DATA EXCERPTS -
=====

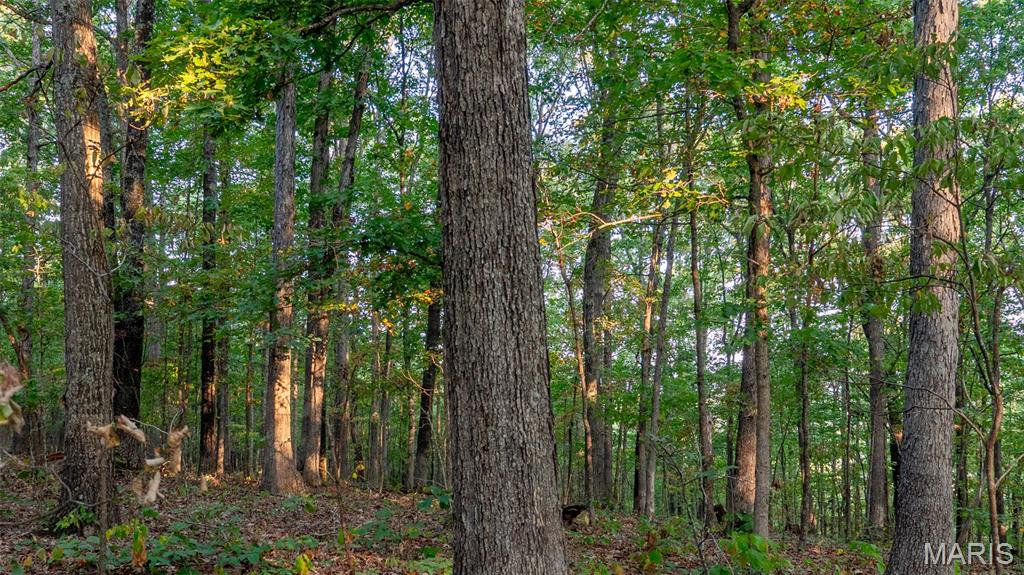 0 County Road 137 Annapolis, MO 63620 - Photo 35 of 52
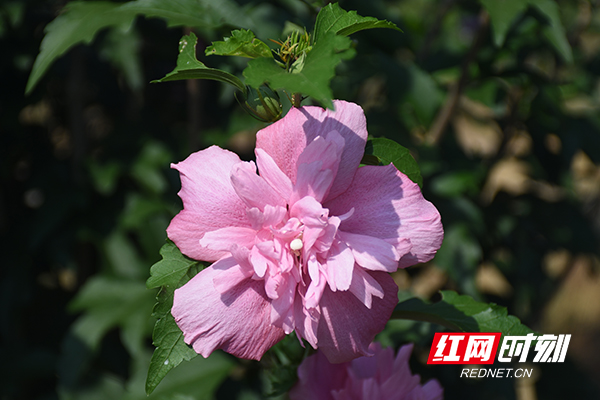 浜т笟鍙戝睍鍔╁姏涔℃潙瑙嗛绱犳潗,浜т笟鍙戝睍鍔╁姏涔℃潙鎸叴瑙嗛绱犳潗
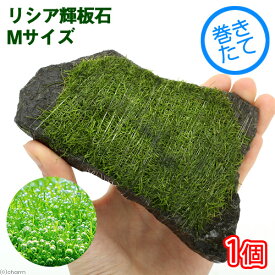 楽天市場 水草 リシアの通販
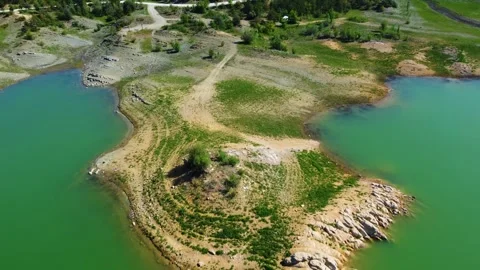 A lonely tree on a lake Stock Footage 247709663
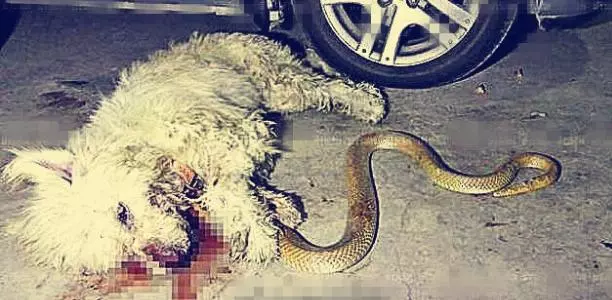 看門狗跟眼鏡王蛇同歸於盡,緊咬大蛇死了也不鬆口,主人抱狗痛哭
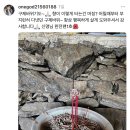🌸구제바위기도🌸
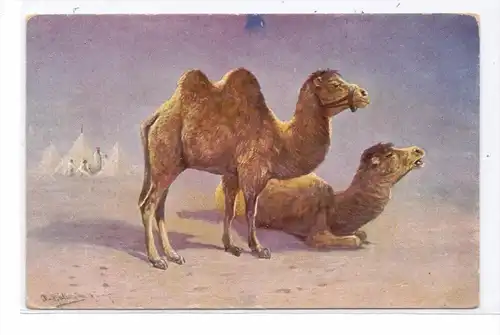 TIERE - KAMELE / Camel / Chameau / Cammello / Kameel / Camello - Künstler-Karte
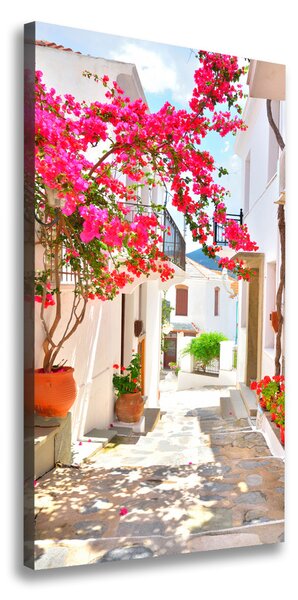 Vertikálny foto obraz na plátne Grécke ulice ocv-63218536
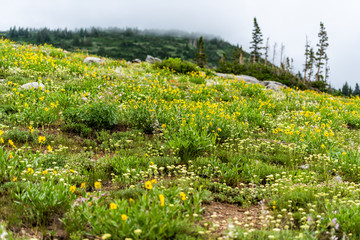 Albion Basin, Utah 2019 during wildflowers season in Wasatch mountains with mist fog and meadow hill of many yellow Arnica sunflowers flowers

=====

TASK BRIEF -
Quote all the records verbatim, dropping any pictures from your copy.

OUTPUT FOR THIS TASK -
 0 County Road 137 Annapolis, MO 63620 - Photo 35 of 52
 浜т笟鍙戝睍鍔╁姏涔℃潙瑙嗛绱犳潗,浜т笟鍙戝睍鍔╁姏涔℃潙鎸叴瑙嗛绱犳潗
 楽天市場 水草 リシアの通販
 A lonely tree on a lake Stock Footage 247709663
 看門狗跟眼鏡王蛇同歸於盡,緊咬大蛇死了也不鬆口,主人抱狗痛哭
🌸구제바위기도🌸
 TIERE - KAMELE / Camel / Chameau / Cammello / Kameel / Camello - Künstler-Karte
 Vertikálny foto obraz na plátne Grécke ulice ocv-63218536
 Albion Basin, Utah 2019 during wildflowers season in Wasatch mountains with mist fog and meadow hill of many yellow Arnica sunflowers flowers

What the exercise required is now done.